(Short web captions)
━━━━━━━━━━━━━━━━

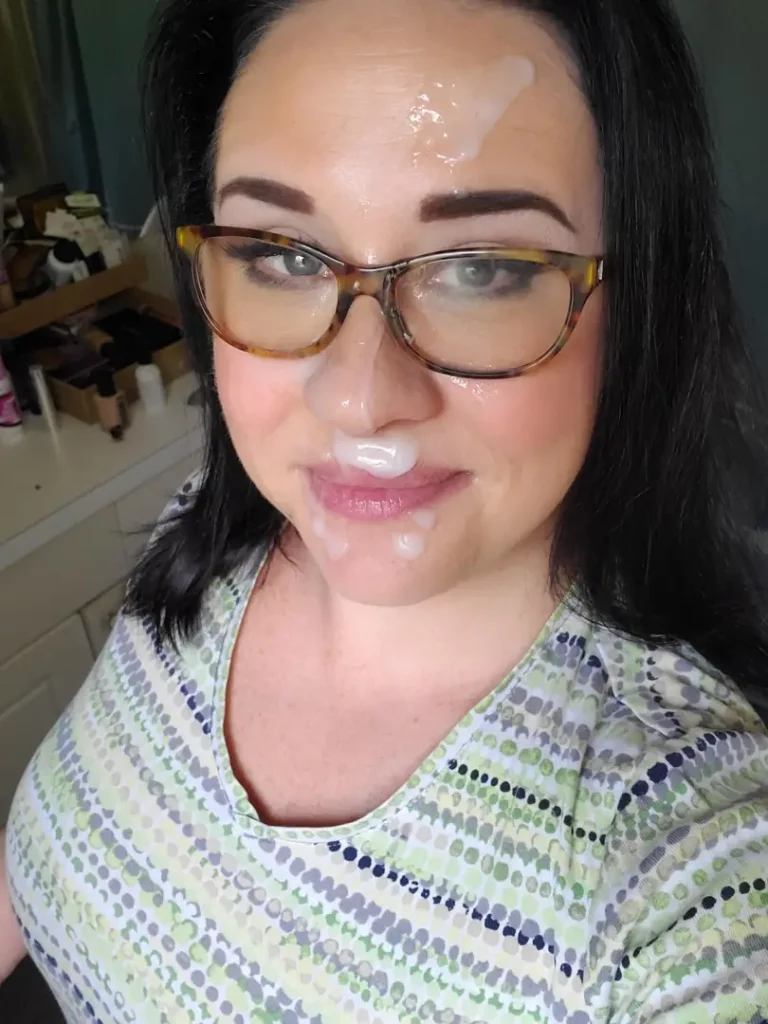 Face Painted and Ready for More: Where Do *You* Sign Up?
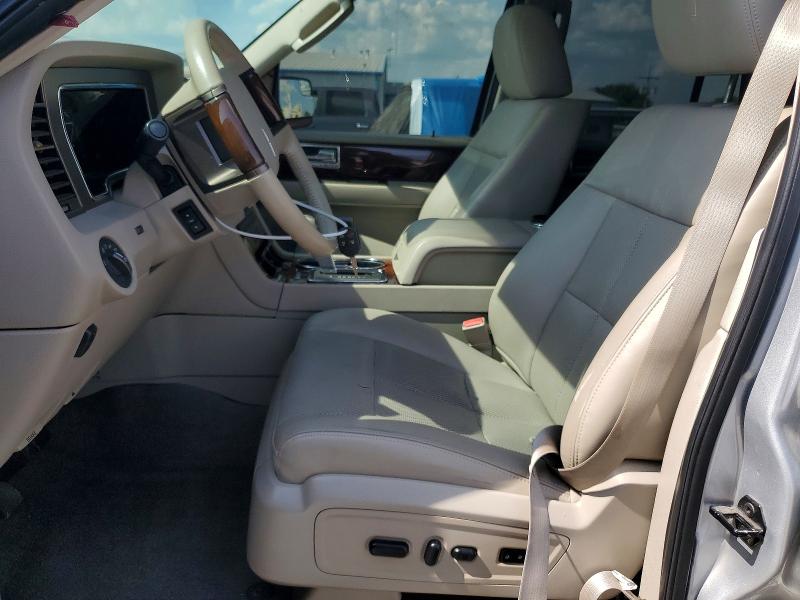 Aukcja sprzedaży 2014 Lincoln Navigator, vin: 5LMJJ2J52EEL07549, numer aukcji: 63219376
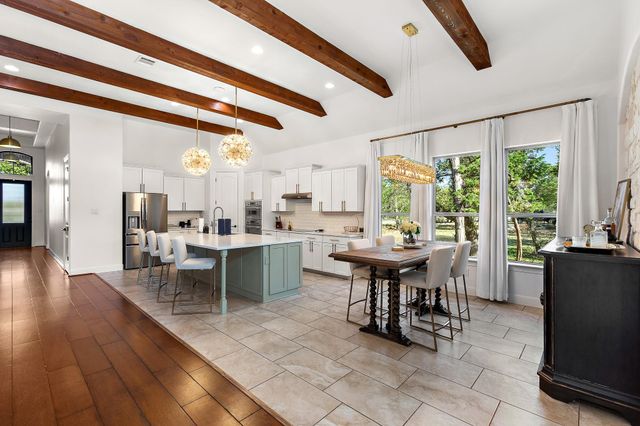 1165 Flint Rock LOOP, Driftwood, TX 78619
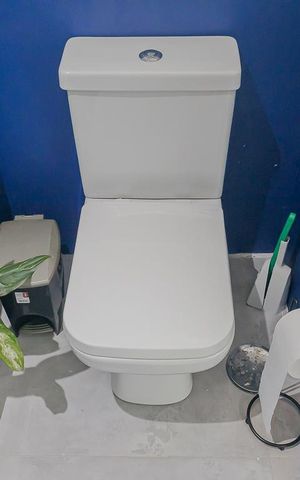 Apartamento para alugar com 45m², 1 quarto e 1 vagaBanheiro Social
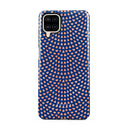 Azure Waters - Samsung Galaxy A12 4G Case 1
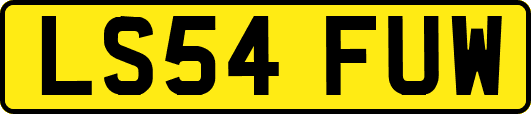 LS54FUW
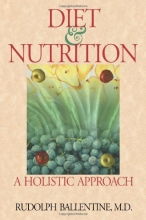 Cover art for Diet and Nutrition: A Holistic Approach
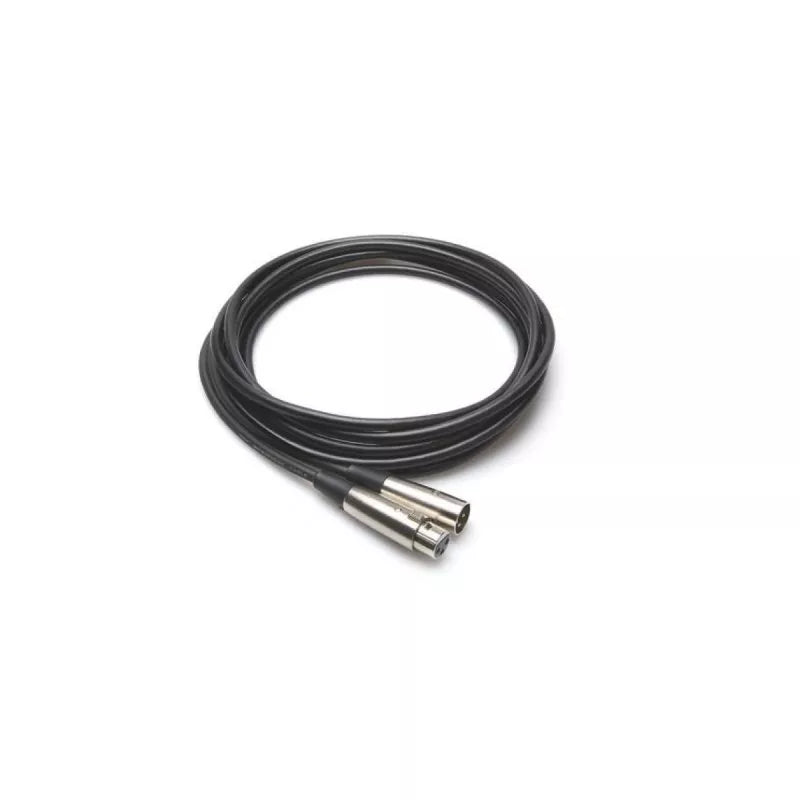 Hosa CMI-110 MIC CABLE QUAD 10FT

━━━━━━━━━━━━━━━━

Output all of the data exactly. Skip the pictures.

 Face Painted and Ready for More: Where Do *You* Sign Up?
 Aukcja sprzedaży 2014 Lincoln Navigator, vin: 5LMJJ2J52EEL07549, numer aukcji: 63219376
 1165 Flint Rock LOOP, Driftwood, TX 78619
 Apartamento para alugar com 45m², 1 quarto e 1 vagaBanheiro Social
 Azure Waters - Samsung Galaxy A12 4G Case 1
 LS54FUW
 Cover art for Diet and Nutrition: A Holistic Approach
 Hosa CMI-110 MIC CABLE QUAD 10FT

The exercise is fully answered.